She was able to respond: “Maybe because you haven't paid any federal income tax for a lot of years.”

His self-labeling as a champion of the little guy was further dented when she brought up the "dishwashers, architects, glass installers, marble installers," who had been "stiffed" by Trump. He could only scoff, suggesting that those he hadn't paid might have deserved it because they didn't "do a good job."

At one point, he interrupted loudly to say he had "a better temperament than she has.” For all women everywhere, Clinton paused, waited a beat, and said, “Whew. OK,” with a hint of a question mark at the end. By then she was so relaxed I wouldn’t have been surprised if, like Jimmy Fallon, she’d gone over and ruffled Trump’s hair.

Trump had a few moments, too, but they were not aimed at the voters he needs to attract but at pleasing the ones he has. He nailed Clinton on the Trans Pacific Partnership -- she brazenly changed her position to appease Bernie Sanders' supporters -- and he tied her to the North American Free Trade Agreement, which he said had destroyed U.S. manufacturing. That’s not supported by economic data but it does appeal to his core voters who have lost jobs. 

But like a toreador delivering the coup de grace, she saved her deadliest feint for last, when she turned a question about her stamina (a gender-bending retread of the "low energy" tactic he used against Jeb Bush in the primaries) into a treatise on his relations with women, a key demographic in this election that Trump has gone out of his way to alienate. 

After Trump said she “doesn’t have the look,” to be president, she reminded women of his record of disrespect for them.  

"You know, he tried to switch from looks to stamina," Clinton said. "But this is a man who has called women pigs, slobs and dogs, and someone who has said pregnancy is an inconvenience to employers."

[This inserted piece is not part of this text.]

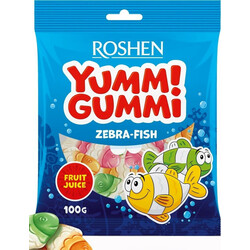 Roshen. Конфеты Yummi Gummi Zebra - Fish желейные 100 гр(4823077621338)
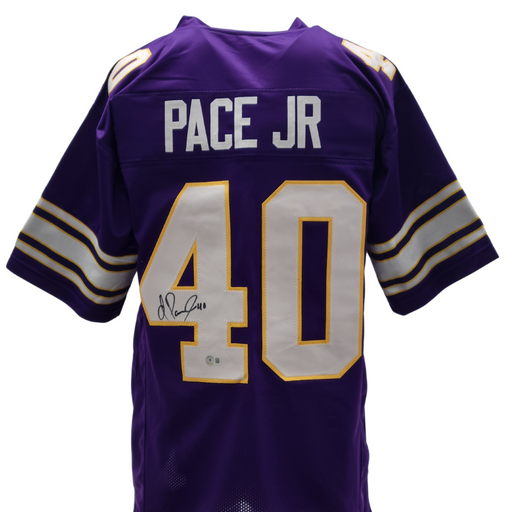 Ivan Pace Jr. Signed Custom Throwback Purple Football Jersey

Then she hit him with the story of Alicia Machado, a former winner of the Trump-owned Miss Universe pageant: "He called this woman 'Miss Piggy.' Then he called her 'Miss Housekeeping,' because she was Latina."

Trump subsequently may have made the hole deeper by explaining on Fox the next day that Machado had been "the worst, the absolute worst" and that she had "gained a massive amount of weight, and it was a real problem."

The one thing Trump absolutely had to do he didn’t -- display the respect for the office he seeks. And he gave up the traditional advantage we viscerally grant men competing for the highest office in the country.

We watch the presidential debates from a kind of primordial crib. We hear the music more than the words. We want to be told everything is going to be all right, that any monsters lurking in the corners will be vanquished. It’s usually a father figure who fulfills this need, a gun-slinging, gruff but caring man at home on horseback, like Ronald Reagan, George W. Bush, or any Roosevelt.    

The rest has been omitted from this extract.